La causa, come spesso avviene, era che Mauro, il figlio, non volesse sentire più il padre perché si sentiva abbandonato da lui, che a sua volta per rispetto e forse anche per vergogna, non aveva più telefonato rispettando la sua decisione, cosa che gli aveva procurato un enorme bagaglio di sofferenza. Finché un giorno, ormai stanco, annoiato e con i miei problemi in testa, prendo S. e lo obbligo a chiamare il figlio. Il terrore era evidente: vedere un uomo di una certa età tremare e sudare sempre di più ad ogni passo che lo avvicinava al telefono è stato un vero colpo.
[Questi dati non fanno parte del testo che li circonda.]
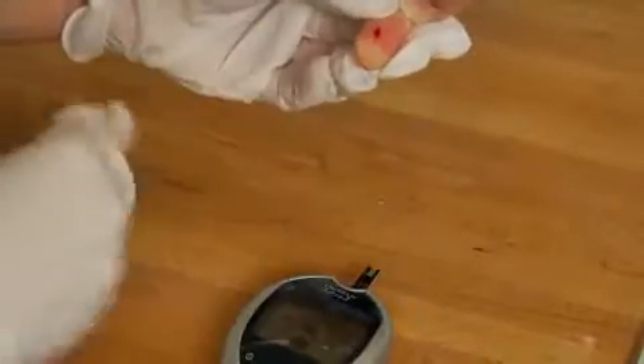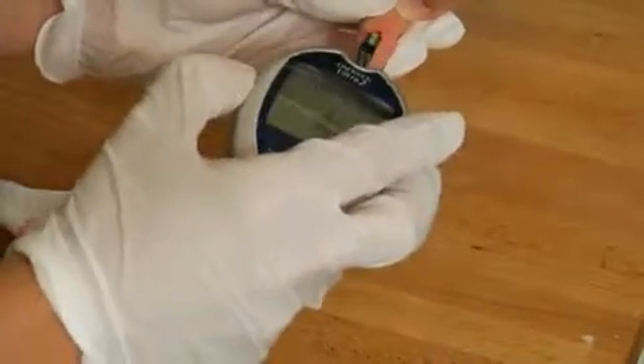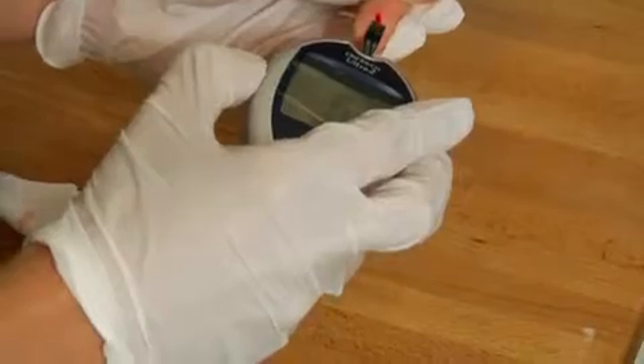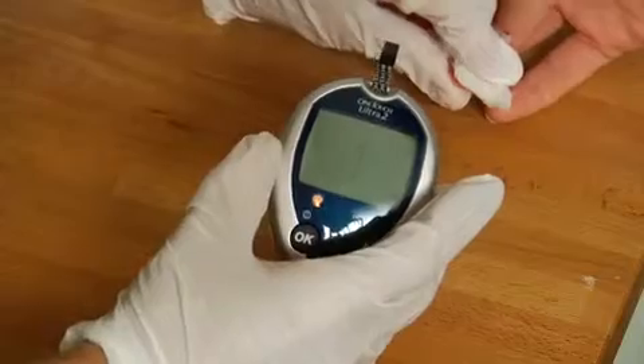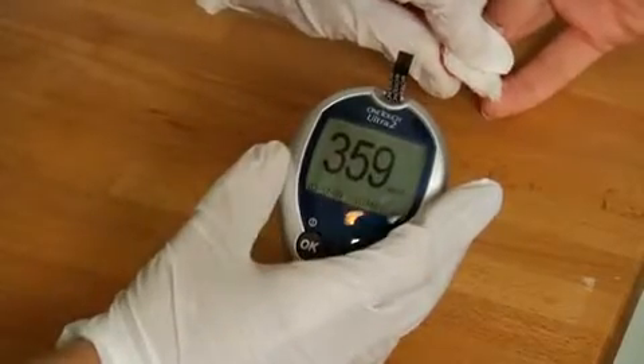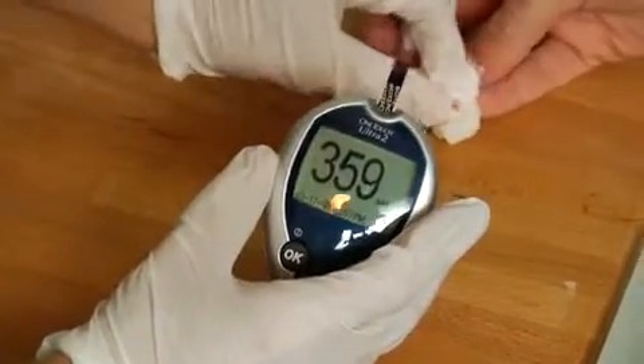Using the test strip that you've already made sure matches the monitor and is reading correctly — already inserted into your monitor — you're going to put the droplet of blood into the correct place on the test strip. Then you're going to wait. The test strip will be read by the monitor and it will deliver your blood sugar levels. And that's the basic way to use a glucometer at home.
Mille erano le domande che mi porgeva durante quei pochi metri, e se fosse ancora arrabbiato? Se poi venisse a trovarmi e mi vedesse ormai vecchio? Non immagino il caos emotivo che in quel momento S. aveva in testa, ma una cosa era certa: doveva chiamare Mauro che ormai non era più un ragazzino e forse anche lui tutte le sere passava qualche minuto a pensare al padre.

Oggi S. è fuori, ha scontato tutta la sua pena, vive in una casa non lontano dal figlio, sono diventati inseparabili e tutti i giorni si reca a casa sua a godersi i nipoti. Mi scrivono spesso e sicuramente un giorno avrò anch’io modo di conoscere Mauro da vicino. Questo è un ricordo che porto stretto con me, perché nonostante l’ambiente carcerario sia triste e cupo, siamo spesso artefici e testimoni di storie a lieto fine.

-Claudio Lamponi

Oggi S. è fuori, ha scontato tutta la sua pena, vive in una casa non lontano dal figlio, sono diventati inseparabili e tutti i giorni si reca a casa sua a godersi i nipoti. Mi scrivono spesso e sicuramente un giorno avrò anch’io modo di conoscere Mauro da vicino. Questo è un ricordo che porto stretto con me, perché nonostante l’ambiente carcerario sia triste e cupo, siamo spesso artefici e testimoni di storie a lieto fine.”